Por que o episódio, apesar de ser considerado como a Batalha da Borracha e tendo envolvido milhares de brasileiros, é tão pouco conhecido no país?

O pouco conhecimento se deve ao lugar marginal que os trabalhadores rurais tem dentro da historiografia. O filé mignon é o trabalhador urbano. Isto em termos gerais, mas esta tendência acentua-se quando nos referimos ao período Vargas. Lembremos que os trabalhadores rurais não foram incluídos nas leis trabalhistas. Um dos quadros do varguismo explicava as migrações dos sertões para as grandes cidades a partir da privação que os trabalhadores rurais tinham do “progresso dos operários das cidades do litoral”. A legislação social, continuava ele, só poderia ter começado nos centros urbanos para avançar nas esferas rurais em um momento posterior.
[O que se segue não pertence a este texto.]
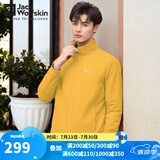 Jack Wolfskin狼爪抓绒衣男经典款春季款户外抓绒服防风加厚保暖抓绒外套 5032751-G0054/鲜橙色 S 170/92A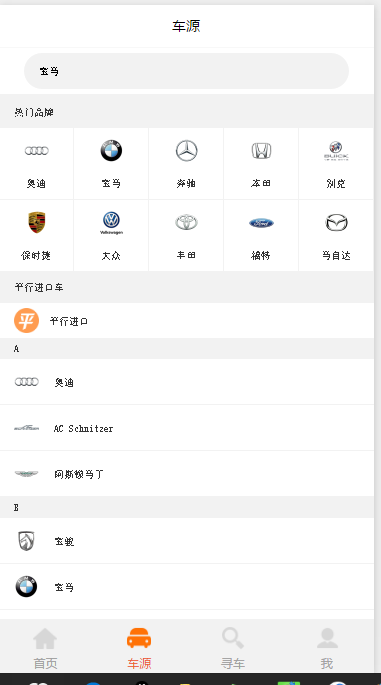 车源宝微信版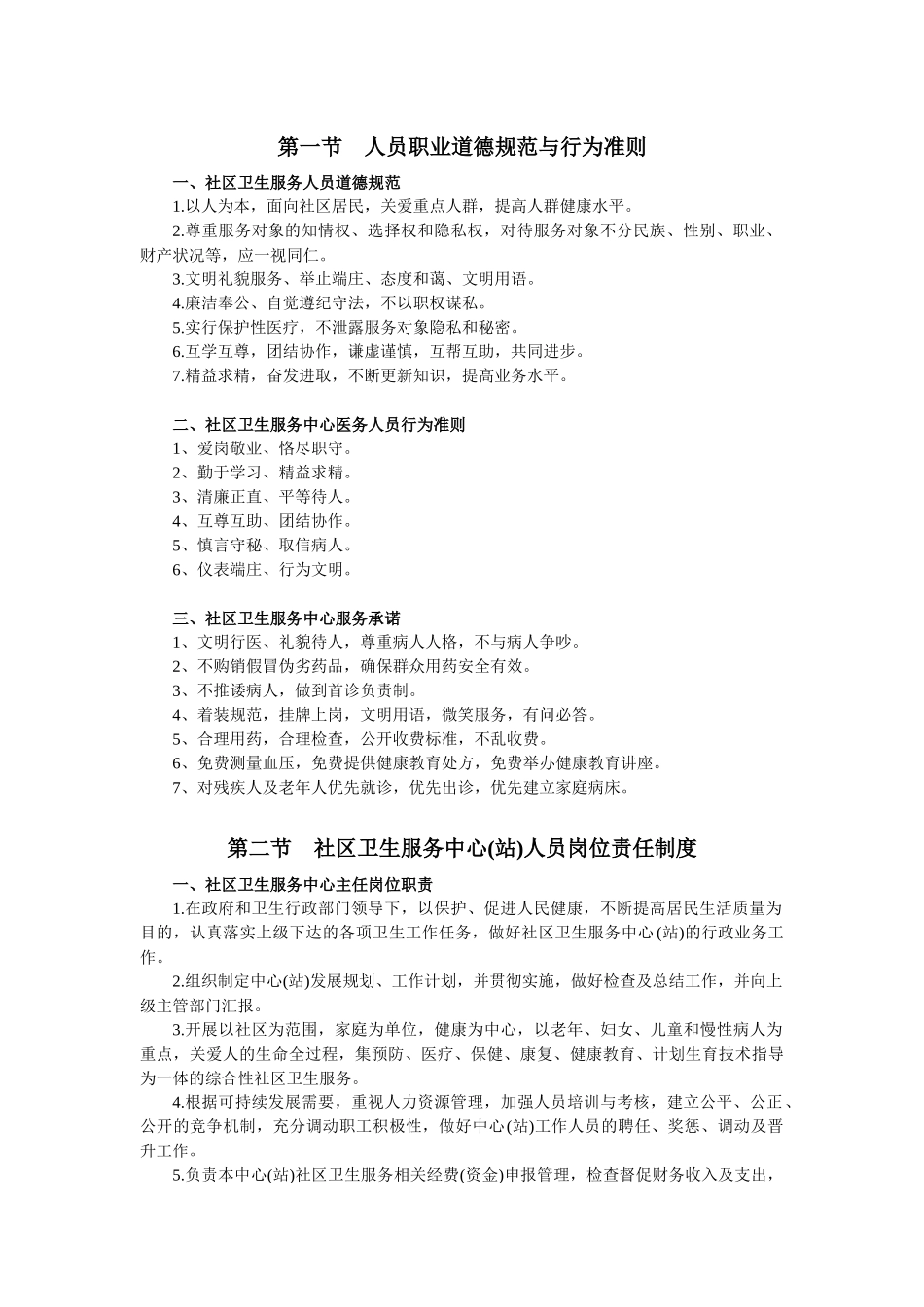 社区卫生服务中心(站)工作制度和技术服务规范_第2页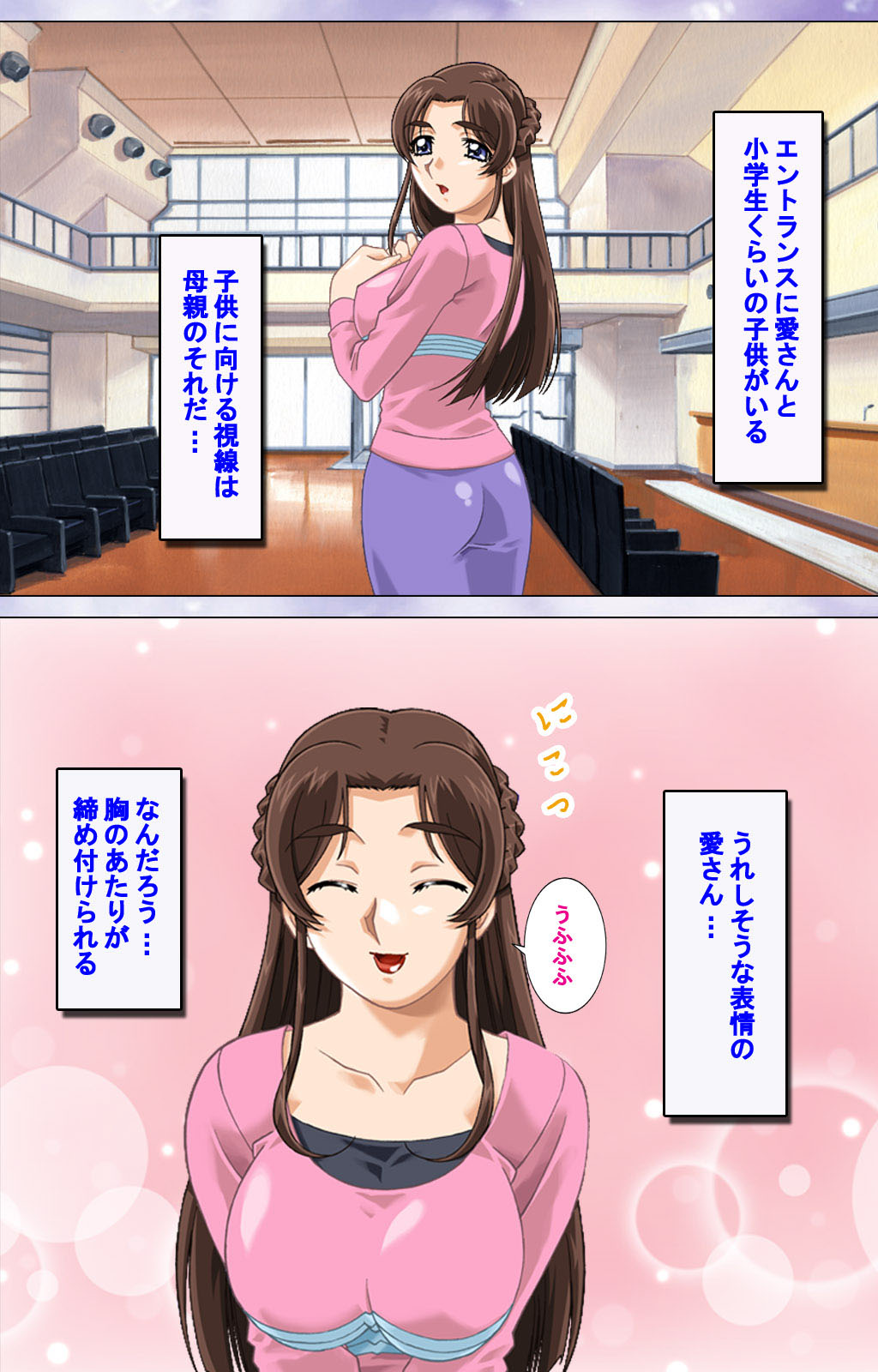 Hitodzuma haremu! Kon'ya ☆ watashi o ika sete yo kanzenhan page 178 - full color mosaic censorship hentai manga - read online free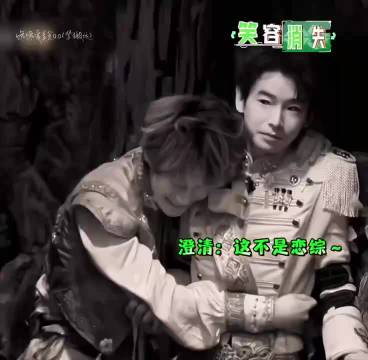 张真源彭昱畅密室搭档自然松弛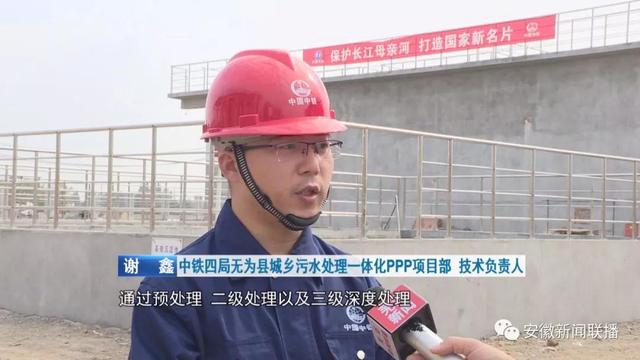 无为县城人口_碌碌无为图片(3)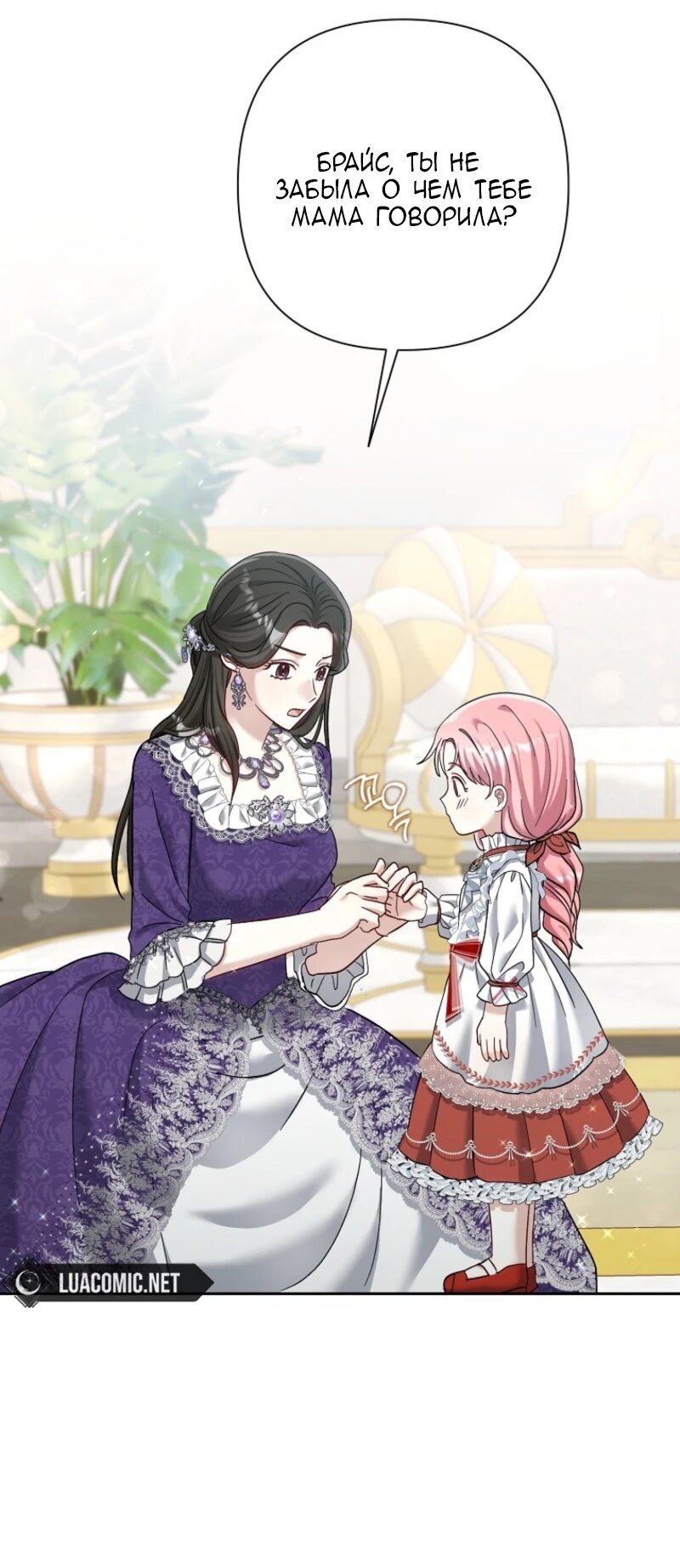 Манга Непослушный ребёнок наводит суету - Глава 13 Страница 43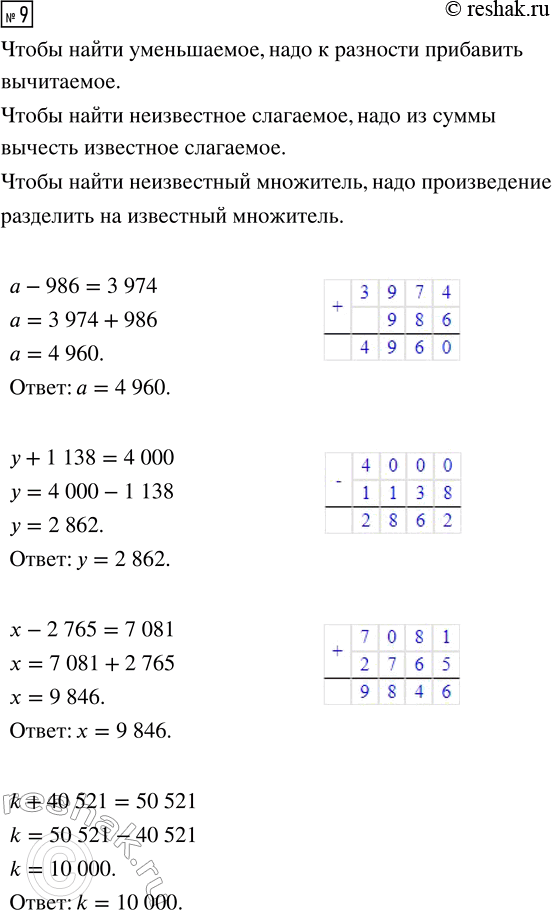  9.   .  - 986 = 3 974         m  8 = 50 800 + 1 138 = 4 000         4 = 4 100x - 2 765 = 7 081         90 = 34 200k + 40 521 = 50...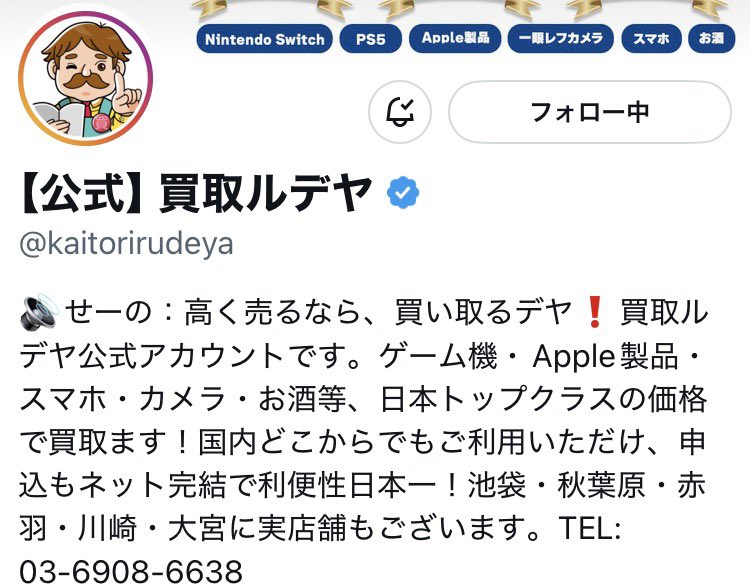 買取ルデヤ（@kaitorirudeya）様の 第73回プレゼントキャンペーンで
O trabalhador rural há tido pouca visibilidade para a historiografia. Mas isto está mudando.

Também há outro problema que são as formas híbridas de trabalho. Entre o trabalho escravo e o trabalho assalariado há um leque enorme de possibilidades. É que os proprietários foram e são muito “imaginativos” quando se trata de explorar, falta a nós historiadores, aos cientistas sociais e ao Estado “acompanhar” essa imaginação.